First bill I got after the transfer, the rate had increased, not decreased.

mumblegrumblemumblegrumble...'Get it in writing' is not just for a few of those recruiters, I guess.

Yet another transfer, this time to a new credit card with a 0% apr. Commence OPERATION: SCREW THAT! I started paying down the balance, little by little.

The reason behind the organization push was that I had decided it was about time to get into a house. I wanted to set myself up financially so that I wasn't struggling when it came to paying for it all. I wanted to be able to pay the mortgage, take care of the bills, and still have some money left over for fun stuff.


I got a few credit reports.

Wow. Nothing like black and white numbers to tell you what's been going on with your credit history. It actually felt kind of good, to look at all the accounts that had been paid off and closed. I even managed to find out about 2 cards that I had shredded and apparently never closed. A few phone calls later and that was resolved. About 6 months later and...

Everything went great with the house. I kind of figured that it wouldn't go as smoothly as it did, but I was pleasantly surprised. Of course, I am positive that because it went pretty smooth, that is a sure sign that I got screwed somewhere, but I can chalk that up as a learning experience. I did think it was kind of funny when they told me that I was qualified for something on the order of a $200,000+ loan. "Yeah, right. I'm looking for a lot less house than that, and will be putting a nice chunk of change down, thankyouverymuch. Yes, a large down payment."

Continuing with keeping an eye on money stuff one day I pulled out the credit check used for the closing table on the house. One of the cards (that I had closed twice, the second time about 6 months before getting into the house) was still open. This was, of course, a card that had been bought out by my old favorite BoA, and there was one 'delinquent report' that I had completely missed. Reading further, I found that it was for non-payment of a bill. A $5,000 bill. From, you guessed it, Bank of America.

?!?!

My payments to credit card debts increased after that.
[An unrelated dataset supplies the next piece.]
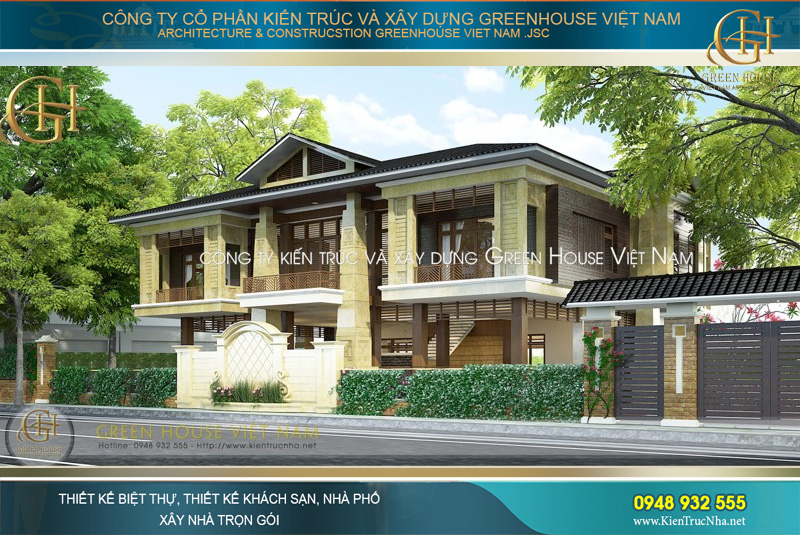 Thiết kế biệt thự phong cách Á Đông với những nét ảnh hưởng của kiến trúc Pháp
I went from $100 over the min, to $250, to $500, to whatever I had left over at the end of the month without biting into my 'cushion'. I wanted to take a well earned time out from the credit game. I figure I've earned a little breathing room. I'm in my house, my cars are running fine, I have some cash in the bank -enough for a few hard months, so... I'm out. I'm taking my ball and going home now.

I don't just hate BoA, I hate 'em all. They can all lick my sweaty nu-er... checkbook.


My last payment of $985.14 was cashed on the 12th of this month. My balance now is zero. Zip. Nada. Nothing. Cars are paid off, I owe on nothing but the mortgage. I will now have a lot extra cash floating around that used to be going to sever all ties with the credit companies. Most of that is going into savings, to pad that rainy day fund. I have some plans in the works...



But damn, that motorcycle I keep seeing, the one for sale... it sure looks fun.



5 comments:

SpeakerTweaker said...

Congrats on being in the black! We're working diligently toward the same.

Hate to be biased...

Loves me some 2-wheelers...

But...

GUNSGUNSGUNSGUNSGUNSGUNSGUNSGUNSGUNSGUNSGUNSGUNSGUNSGUNSGUNSGUNSGUNSGUNSGUNSGUNSGUNSGUNSGUNSGUNSGUNSGUNSGUNSGUNSGUNSGUNSGUNSGUNSGUNSGUNSGUNSGUNSGUNSGUNSGUNSGUNS

Buy you some firepower!!

you know you want it...

But that's just me...


;)



tweaker

Kaerius said...

I know well how big a trap credit card debt can be, my mother has been in it on and off for as long as I can remember.

So when I started getting bank cards, I consciously made sure they were NOT credit cards. I have no credit at all. That's just the way I want it.

Murphy said...

ST: Guns just goes with out saying! I'm talking about what to get with the money after I've taken out for my 'new toy' fund...

Kaerius: Here's to keeping my 'oh shit' fund healthy, so I don't have to go back to the devil's plastic!

Ssssteve said...

Your preaching Dave Ramsey stuff. We are following his plan and the future is looking bright!

Murphy said...

He definitely has some good stuff. It was kind of funny, when I first heard of him, to realize how much stuff was similar to what I had eventually (by much trial n' error, pain n' suffering) come around to.